With a global financial crisis, why would energy-rich Canada be willing to pay $13.6 billion in penalties for not meeting required emissions cuts in 2012? To be more precise, why would it want to do what Environment Minister Peter Kent says is the equivalent of removing every vehicle off every Canadian road when other countries like China and India have no penalties for emissions?
Environmentalists were angered by Kent's comments, even saying, according to the report, that Kent spat in the faces for people around the world for whom climate change is increasingly a life and death issue. To that, I say worsening an already bad economic issue by taking ones' self out of the energy business or paying huge fines for the sake of years-down-the-road theories and goals can be, for some of your country, also a life and death issue. And an even quicker one, at that.

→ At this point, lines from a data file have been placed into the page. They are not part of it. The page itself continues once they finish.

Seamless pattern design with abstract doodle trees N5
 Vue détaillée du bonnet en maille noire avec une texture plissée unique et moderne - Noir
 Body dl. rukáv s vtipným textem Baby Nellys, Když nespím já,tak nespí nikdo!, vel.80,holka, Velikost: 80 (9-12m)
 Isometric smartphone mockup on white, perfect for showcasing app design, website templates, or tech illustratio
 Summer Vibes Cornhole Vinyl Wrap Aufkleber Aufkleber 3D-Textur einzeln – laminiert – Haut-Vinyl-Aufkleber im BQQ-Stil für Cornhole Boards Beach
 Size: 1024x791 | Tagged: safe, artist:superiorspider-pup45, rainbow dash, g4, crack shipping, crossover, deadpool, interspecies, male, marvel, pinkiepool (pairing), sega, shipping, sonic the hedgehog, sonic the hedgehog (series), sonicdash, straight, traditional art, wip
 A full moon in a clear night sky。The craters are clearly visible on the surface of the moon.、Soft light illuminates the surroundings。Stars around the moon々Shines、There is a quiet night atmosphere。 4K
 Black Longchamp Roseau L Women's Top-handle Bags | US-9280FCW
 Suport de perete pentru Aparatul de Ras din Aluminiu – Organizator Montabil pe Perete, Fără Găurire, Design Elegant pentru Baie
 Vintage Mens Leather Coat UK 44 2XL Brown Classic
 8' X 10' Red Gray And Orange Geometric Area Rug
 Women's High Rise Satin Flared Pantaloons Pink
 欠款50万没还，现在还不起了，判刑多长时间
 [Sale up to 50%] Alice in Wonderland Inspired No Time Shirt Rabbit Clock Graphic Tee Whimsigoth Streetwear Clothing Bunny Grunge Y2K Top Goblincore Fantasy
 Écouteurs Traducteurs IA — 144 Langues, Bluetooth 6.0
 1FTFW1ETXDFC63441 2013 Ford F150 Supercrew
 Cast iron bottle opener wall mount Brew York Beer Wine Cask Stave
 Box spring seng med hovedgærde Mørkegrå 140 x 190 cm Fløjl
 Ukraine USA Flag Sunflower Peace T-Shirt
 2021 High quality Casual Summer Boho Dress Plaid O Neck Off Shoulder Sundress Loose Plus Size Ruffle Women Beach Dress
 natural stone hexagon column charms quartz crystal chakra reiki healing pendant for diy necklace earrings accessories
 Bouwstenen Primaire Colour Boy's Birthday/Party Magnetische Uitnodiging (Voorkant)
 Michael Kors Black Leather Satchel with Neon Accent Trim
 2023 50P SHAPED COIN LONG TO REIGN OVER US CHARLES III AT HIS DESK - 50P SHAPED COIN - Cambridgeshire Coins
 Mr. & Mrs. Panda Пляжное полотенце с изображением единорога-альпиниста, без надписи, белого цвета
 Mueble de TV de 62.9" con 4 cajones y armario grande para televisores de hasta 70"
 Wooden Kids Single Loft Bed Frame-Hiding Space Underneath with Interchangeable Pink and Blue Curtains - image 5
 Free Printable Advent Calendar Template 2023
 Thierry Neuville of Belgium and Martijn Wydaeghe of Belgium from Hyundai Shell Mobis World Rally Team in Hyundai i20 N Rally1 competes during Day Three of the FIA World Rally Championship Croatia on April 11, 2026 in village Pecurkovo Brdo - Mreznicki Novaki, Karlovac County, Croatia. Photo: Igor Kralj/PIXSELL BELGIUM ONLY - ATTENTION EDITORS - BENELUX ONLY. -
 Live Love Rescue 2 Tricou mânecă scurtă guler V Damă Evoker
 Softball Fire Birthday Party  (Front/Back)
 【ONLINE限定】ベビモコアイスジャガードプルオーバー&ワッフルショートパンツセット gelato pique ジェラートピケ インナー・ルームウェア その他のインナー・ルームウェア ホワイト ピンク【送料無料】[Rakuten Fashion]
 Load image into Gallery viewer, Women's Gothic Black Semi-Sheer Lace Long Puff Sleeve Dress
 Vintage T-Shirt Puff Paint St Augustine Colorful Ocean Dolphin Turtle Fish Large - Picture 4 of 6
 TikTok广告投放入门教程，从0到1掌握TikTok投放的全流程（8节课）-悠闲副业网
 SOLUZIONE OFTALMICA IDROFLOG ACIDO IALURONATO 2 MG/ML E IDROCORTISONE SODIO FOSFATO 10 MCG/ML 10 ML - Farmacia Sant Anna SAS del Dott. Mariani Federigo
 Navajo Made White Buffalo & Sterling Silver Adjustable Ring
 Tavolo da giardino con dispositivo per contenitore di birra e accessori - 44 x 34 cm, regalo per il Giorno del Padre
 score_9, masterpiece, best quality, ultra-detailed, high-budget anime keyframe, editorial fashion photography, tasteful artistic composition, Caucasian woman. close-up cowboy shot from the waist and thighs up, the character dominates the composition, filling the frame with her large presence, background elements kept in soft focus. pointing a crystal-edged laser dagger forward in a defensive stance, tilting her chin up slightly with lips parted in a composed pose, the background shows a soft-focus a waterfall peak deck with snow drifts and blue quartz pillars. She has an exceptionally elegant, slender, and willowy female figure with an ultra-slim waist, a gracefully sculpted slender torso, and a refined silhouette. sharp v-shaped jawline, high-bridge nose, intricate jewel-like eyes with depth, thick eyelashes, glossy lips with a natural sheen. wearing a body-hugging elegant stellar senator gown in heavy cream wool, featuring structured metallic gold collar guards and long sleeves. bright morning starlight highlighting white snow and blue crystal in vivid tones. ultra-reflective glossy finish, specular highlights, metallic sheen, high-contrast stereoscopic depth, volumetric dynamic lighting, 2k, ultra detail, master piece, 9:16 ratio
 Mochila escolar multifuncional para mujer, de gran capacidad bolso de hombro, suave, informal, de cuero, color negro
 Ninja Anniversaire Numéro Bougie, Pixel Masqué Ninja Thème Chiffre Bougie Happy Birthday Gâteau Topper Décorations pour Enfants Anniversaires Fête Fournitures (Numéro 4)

As hard as everyone has worked to eke out a deal to go back and show to their people as a sign of environmental consciousness, I believe getting global agreement on a multiyear or multidecade basis is an unlikely thing.
Particularly when you're conditioning it, mandating it and setting it down on countries that are strapped-down already. Canada is just the first, but I doubt it will be the only, country to say it just can't do Kyoto.